* _ACTIVITY_
All of the data should be given again word for word, though the images are to be left out.

* _DATA SHOWN_
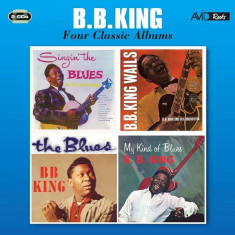 B.B. King B.B. King Four Classic Albums (2cd)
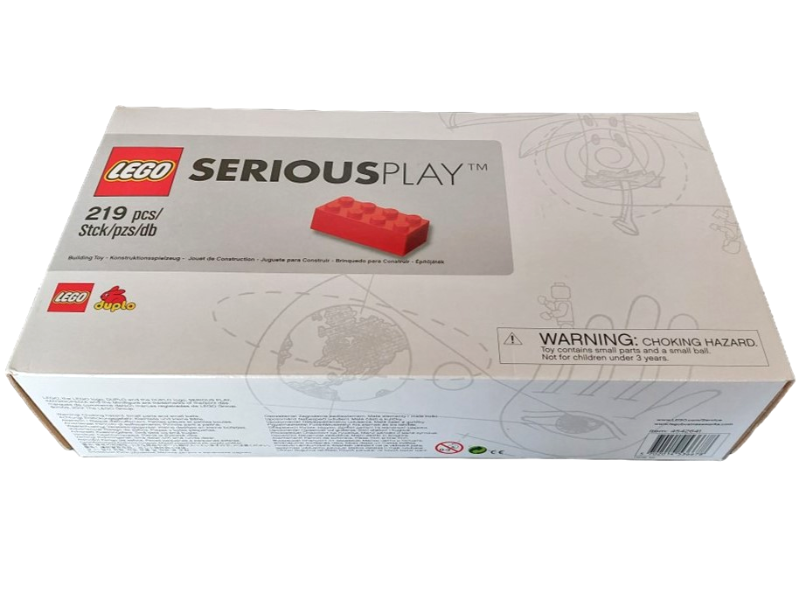 Serious Play Starter Kit (219 Pieces Version)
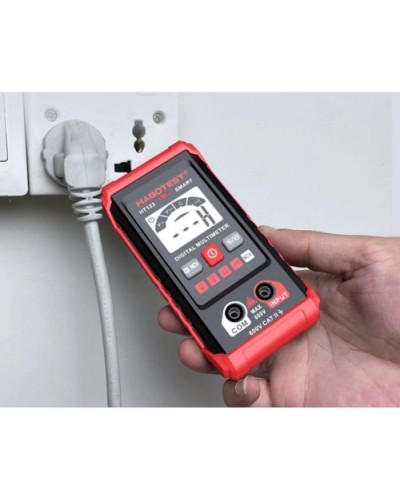 Цифровий мультиметр Habotest HT123 DC600V, AC600V (HT123)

* _OUTPUT FOR THIS TASK_
 B.B. King B.B. King Four Classic Albums (2cd)
 Serious Play Starter Kit (219 Pieces Version)
 Цифровий мультиметр Habotest HT123 DC600V, AC600V (HT123)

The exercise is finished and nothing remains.